**Exercise prompt**
Without any pictures, print the lines below from the one that has "Dugo after akong i,e?" through the one that has "verbandwechsel-katheter-schritt-5", exactly and nothing else.

**The input**
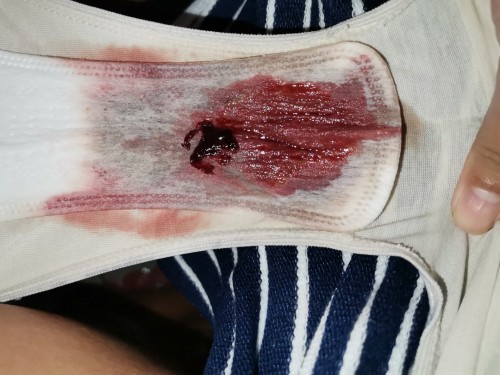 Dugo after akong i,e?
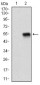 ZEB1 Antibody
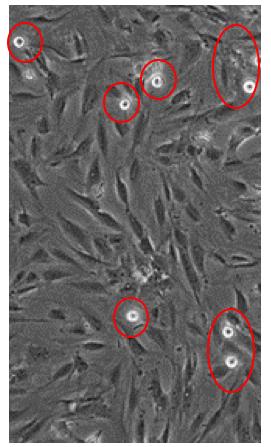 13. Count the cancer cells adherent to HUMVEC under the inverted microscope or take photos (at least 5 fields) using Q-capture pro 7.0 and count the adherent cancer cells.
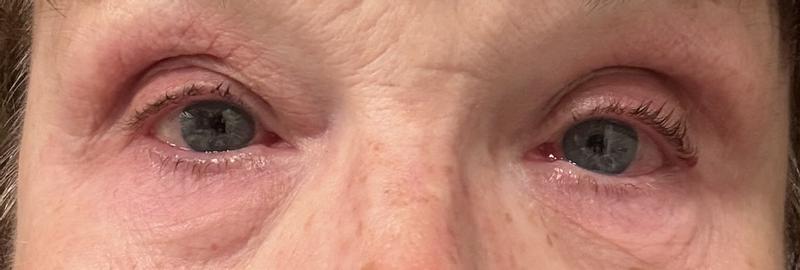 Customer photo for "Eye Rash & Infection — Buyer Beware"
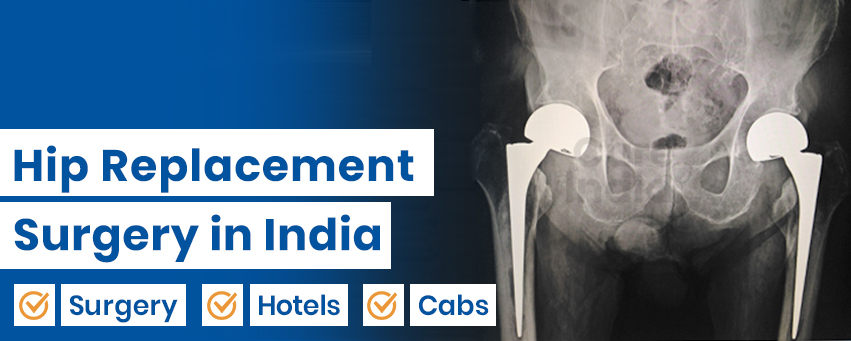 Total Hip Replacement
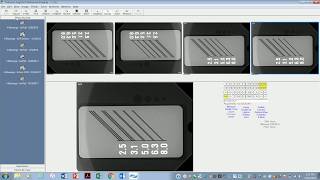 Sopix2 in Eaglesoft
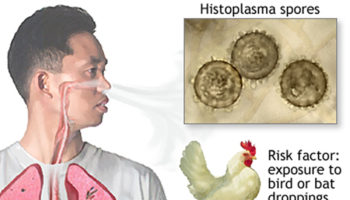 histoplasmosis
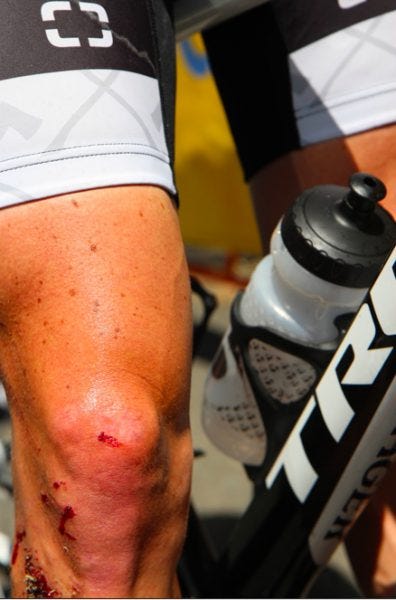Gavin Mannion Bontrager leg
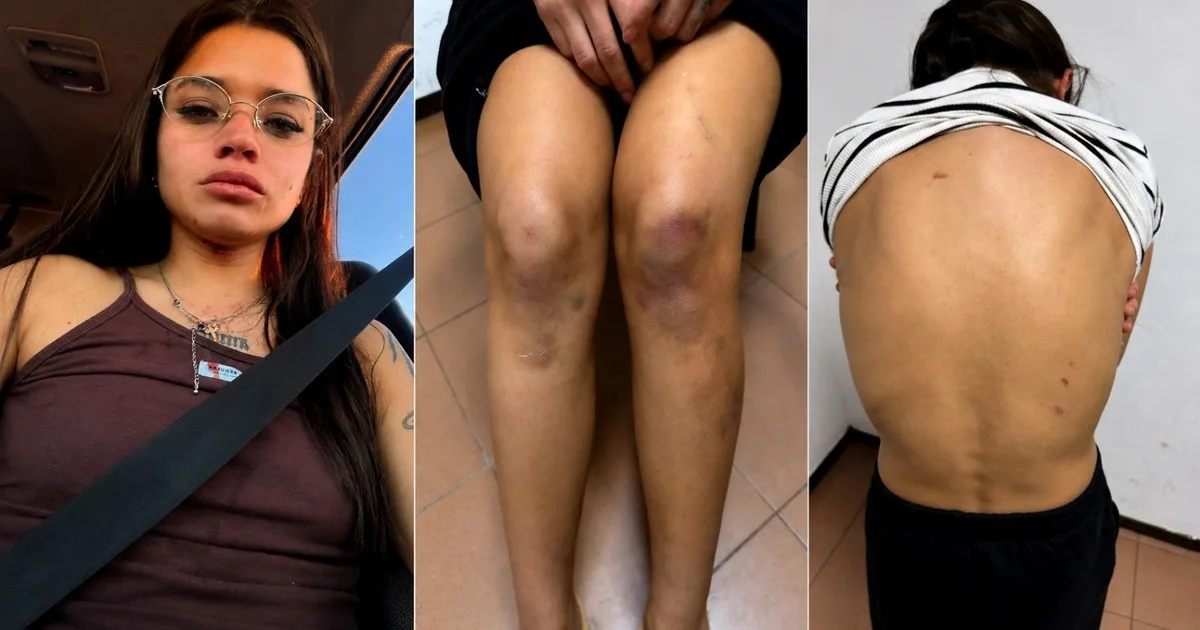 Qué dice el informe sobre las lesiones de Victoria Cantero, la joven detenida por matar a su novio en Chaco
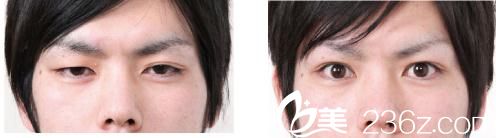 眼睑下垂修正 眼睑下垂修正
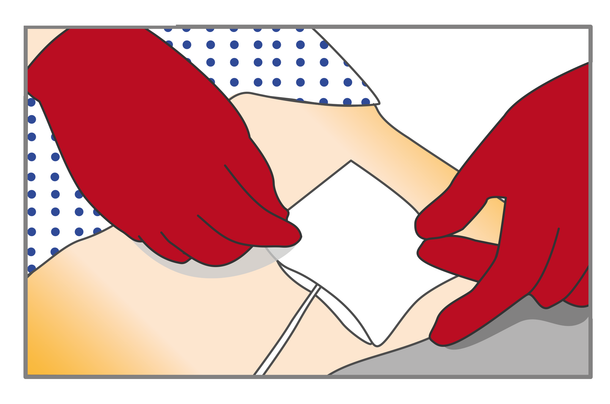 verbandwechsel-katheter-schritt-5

==

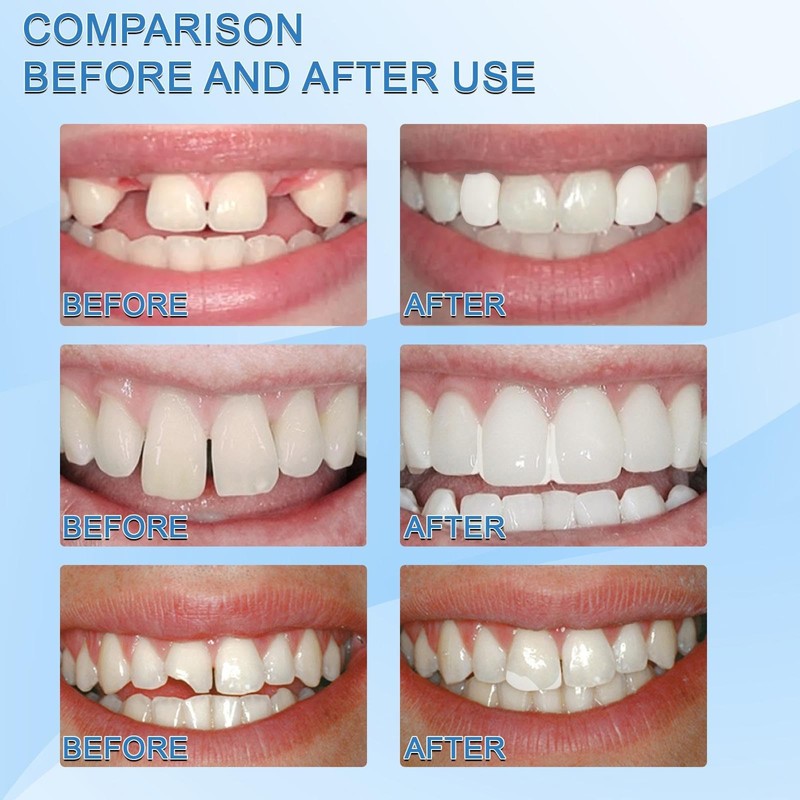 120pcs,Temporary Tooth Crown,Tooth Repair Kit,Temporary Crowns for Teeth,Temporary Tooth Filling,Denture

--

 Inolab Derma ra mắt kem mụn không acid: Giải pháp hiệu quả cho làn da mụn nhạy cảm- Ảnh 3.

**Response**
 Dugo after akong i,e?
 ZEB1 Antibody
 13. Count the cancer cells adherent to HUMVEC under the inverted microscope or take photos (at least 5 fields) using Q-capture pro 7.0 and count the adherent cancer cells.
 Customer photo for "Eye Rash & Infection — Buyer Beware"
 Total Hip Replacement
 Sopix2 in Eaglesoft
 histoplasmosis
Gavin Mannion Bontrager leg
 Qué dice el informe sobre las lesiones de Victoria Cantero, la joven detenida por matar a su novio en Chaco
 眼睑下垂修正 眼睑下垂修正
 verbandwechsel-katheter-schritt-5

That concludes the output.